# In bed pup tent



## k10macosta (Nov 6, 2012)

I modified my old pup tent to fit in the bed of my k10 over the roll bar. Its not completely done but its pretty good for now. It fits nicely in my bed box and I can carry it around all the time. I actually made it for after prom. My buddies and our ladies are gonna do some 4 wheeling out to a place in the woods and camp there. While everyone else is on the ground me and my date will be high and dry. There are a couple gaps in the pictures but I need to tighten everything up and make a couple cuts.


----------



## 8thDayStranger (Jan 30, 2013)

Make sure your captain wears a hat or you'll need to find a way to fit a crib in there! Lol


----------



## Grimm (Sep 5, 2012)

8thDayStranger said:


> Make sure your captain wears a hat or you'll need to find a way to fit a crib in there! Lol


LOL! I never got to go to my prom. My dad was uber over protective! I did get to go to my BFF's little brother's prom as his date a few years later. I took him to the Rocky Horror Picture Show after wards. He lost his "virginity" for sure that night!


----------



## d_saum (Jan 17, 2012)

8thDayStranger said:


> Make sure your captain wears a hat or you'll need to find a way to fit a crib in there! Lol


stupid hats... I know they are "necessary" but man.. talk about a mood killer..

Anyway.. moving on.. I used to have a Nissan Pickup with cap on the back. some of you might call it a topper or something. Best camping/date night thing ever! :beercheer: Well.. besides an actual camper. But.. ya know..

Get that thing tweaked and close the gaps, and you should be good to go. Getting up off the ground is a huge bonus! Just hope you don't have squeaky shocks/leaf springs!


----------



## d_saum (Jan 17, 2012)

Grimm said:


> LOL! I never got to go to my prom. My dad was uber over protective! I did get to go to my BFF's little brother's prom as his date a few years later. I took him to the Rocky Horror Picture Show after wards. He lost his "virginity" for sure that night!

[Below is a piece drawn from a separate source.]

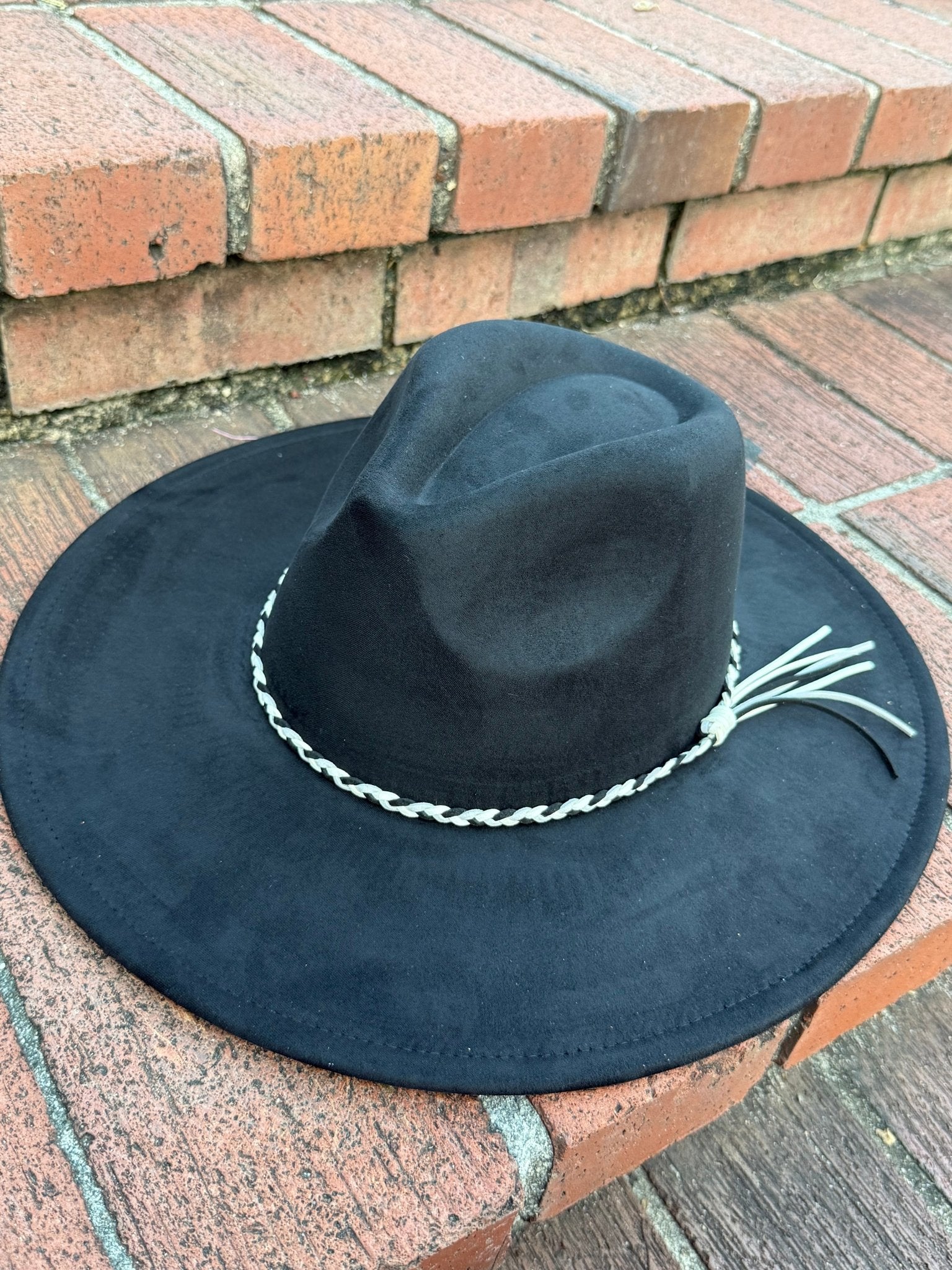 Limited Vegan Suede Hat Blank, Hat for Burning, Hat Pyrography, Fedora Hat, Wide Brim Hat, Hat for Engraving - AccessorizmeeWholesale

LOL... I'm not sure if you are just out right saying what happened, or putting quotes around his loss of "Virginity" because he saw Rocky Horror Picture Show?   :2thumb:


----------



## Grimm (Sep 5, 2012)

d_saum said:


> LOL... I'm not sure if you are just out right saying what happened, or putting quotes around his loss of "Virginity" because he saw Rocky Horror Picture Show?   :2thumb:


He was a Rocky "virgin"


----------



## d_saum (Jan 17, 2012)

Grimm said:


> He was a Rocky "virgin"


LOL.. thanks for clarifying!  I loved Rocky Horror Picture Show in the theaters where they do all the crazy stuff, but cannot bare to watch it if it's on TV. It's just not the same!


----------



## PipLogan (Apr 25, 2011)

I like we're this is going lol


----------



## sailaway (Mar 12, 2009)

8thDayStranger said:


> Make sure your captain wears a hat or you'll need to find a way to fit a crib in there! Lol


Yep, us flat bedders tarp our loads


----------



## Grimm (Sep 5, 2012)

d_saum said:


> LOL.. thanks for clarifying!  I loved Rocky Horror Picture Show in the theaters where they do all the crazy stuff, but cannot bare to watch it if it's on TV. It's just not the same!


Yup. I actually am on one of the tribute documentaries. Its called "A Regular Frankie Fan". I had just gotten my nipples pierced the day they were filming it so I flashed the camera crew.


----------



## k0xxx (Oct 27, 2011)

k10macosta said:


> I modified my old pup tent to fit in the bed of my k10 over the roll bar. Its not completely done but its pretty good for now. It fits nicely in my bed box and I can carry it around all the time. I actually made it for after prom. My buddies and our ladies are gonna do some 4 wheeling out to a place in the woods and camp there. While everyone else is on the ground me and my date will be high and dry. There are a couple gaps in the pictures but I need to tighten everything up and make a couple cuts.


It makes a nice difference to get off of the ground. Just be sure to park on a slight incline (rear end low) if there is any chance for rain. You don't want the water running toward the cab. lol


----------